But the book looks at lesser known cultural trends and non-American musical forms as well. I was at the Center for the Memory of Carnaval in Rio in 2013, digging through old brochures and paraphernalia, and I was surprised: the pop Orientalism one sees expressed in carnaval, samba songs, and telenovelas is rather counterintuitive. Likewise, I spent a couple of months in Paris interviewing older Jewish Algerian musicians. Their story, their exile, is wrenching, and the larger debate about Judeo-Arabic music in France is intense—between liberal Muslim integrationists who think that Andalusian music, the Judeo-Arab repertoire, can ease their entry into the European mainstream, and the Black Power-inspired race activists who couldn’t disagree more. I was actually surprised to find—going through Arabic material about Fanon—that this Martinican thinker had a keen interest in Andalusian music as well; he thought that this repertoire could bring Muslims and Jews together in a new independent Algeria.
J: What other projects are you working on now?
HA: I am not sure what my next project is; I’m wrapping up unfinished essays now and tying up loose ends. I am trying to finish a piece about the globalization of Malcolm X—on his significance fifty years after his death—and the controversy sparked by Manning Marable’s biography. I am also working on a shorter piece on the interaction between Fanon and Ali Shariati—on the latter’s interest in race and black political thought. But the next project will be either focus on race formations in Latin America or race formations in the Arab world—I haven’t decided, but either way I’ll probably use music as an entry point.
Excerpt from Rebel Music: Race, Empire, and the New Muslim Youth Culture
Talk of 1492—the year Islamic Spain fell to the Reconquista, and Columbus set sail to the New World—and a common Andalusian past, and the appearance of neo-Moorish cultural trends are part of a larger tendency that can emerge when Muslim and Hispanic immigrants or Muslims and Jews encounter one another in Europe and America; but few expected such a discourse to emerge from a housing project near Copenhagen. The precedent of Muslim Iberia—like the history of the black freedom movement in the New World—is a fount that young Muslims are drawing on. Groups like the Murabitun, based in Chiapas, Mexico, or the Alianza Islámica, active in the Bronx and East Harlem during the 1990s, see continuities between Islamic Spain and the New World, and their narrative connects Andalusia with the Black Atlantic. The banner hanging at the Alianza’s center in the South Bronx celebrates the African and Islamic roots of Latin America: against a red, white, and blue backdrop stands a sword-wielding Moor, flanked by a Taíno Indian and a black African. The Spanish conquistador is conspicuously absent.

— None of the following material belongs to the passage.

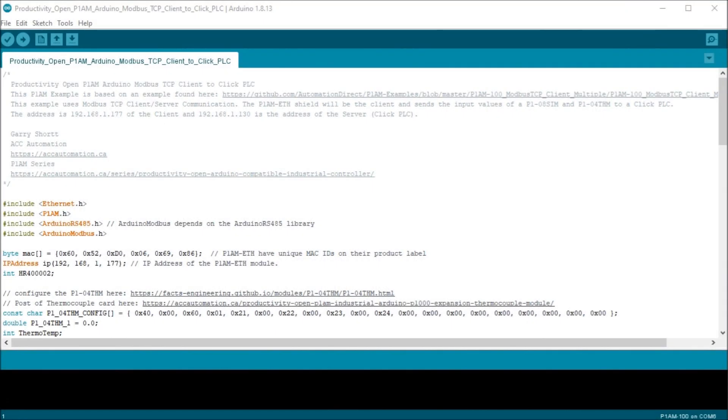Hi everyone. Today we're going to be looking at the Productivity Open P1AM Arduino Modbus TCP client to Click PLC. Now detailed information contained in the video can be found at accautomation.ca. A link has been put in the description below.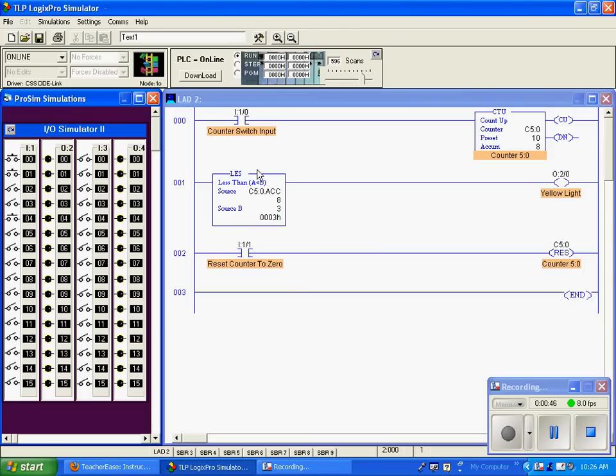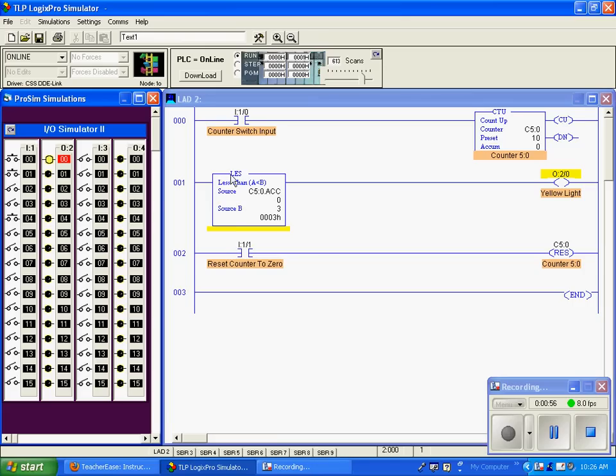This statement is only true when A, which is our accumulation value, is less than B, which is three. I'll reset the counter to zero, and the less than command then goes true.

In Europe today, Muslim youth are weaving Islamic, Afrocentric, Asian, and Latin American elements to produce new identities and movements in an example of what Yale anthropologist Arjun Appadurai has described as “culturalism”: “the mobilizing of cultural material and cultural differences in the service of a larger national or transnational politics.” This culturalism is both fascinating and unsettling for Europeans. The American ghetto has long been recognized for its cultural pluralism. (In 1929, sociologist Harry Zorbaugh described the Near North Side slum in Chicago as one of “the most cosmopolitan areas in a distinctively cosmopolitan city.”) But the cultural diversity of the European Muslim “ghetto”—in fact the very notion of a “Muslim ghetto,” a contested idea—is relatively new. European commentators are taken aback when artists and youth leaders in these urban spaces put together narratives that embrace different causes (Darfur, Kashmir, Mumia Abu-Jamal) and connect local places—specific neighborhoods and housing projects—with past eras (Timbuktu, Islamic Spain, the Harlem Renaissance) and far-flung geographic regions (Africa, the Orient, the South Atlantic) to show that this minority community can transcend its local isolation and be part of a global majority.
Music is a powerful lens through which to view the identities and movements emerging in Muslim communities. Music has long been used by youth to protest, proclaim identity, build community, and interpret the world. But the dominant Salafi movement—with its opposition to music—has meant that debates about music, its permissibility and purpose, are paramount in contemporary Muslim youth culture. In What the Music Said, Mark Anthony Neal observes that in the 1970s, the dance floor became the place where the African-American diaspora reintegrated itself. I would argue that today music is the realm where Muslim diaspora consciousness and identity politics are most poignantly being debated and expressed. Music can offer a snapshot of local movements and trends as well as the larger cultural politics of America’s encounter with Muslim youth and Europe’s relationship to its postcolonial citizens. Moreover, while music may not, as Jacques Attali claims, presage larger social political change, it is a mechanism of social control, increasingly deployed by states to “moderate” Muslim youth. As the Canadian-based neuroscientist Steven Brown argues in Music and Manipulation, through its “affective” power and ability to communicate ideas, music can shape identity, ideology, and group solidarity; and states aim to control music flows as a way to homogenize mass behavior. In Europe, as Islam-inflected cultural forms reach the mainstream, state officials, diplomats, and counterterrorism officials are carefully watching, wondering if these music flows are undermining national cohesion and how they can be incorporated into a politics of counterextremism.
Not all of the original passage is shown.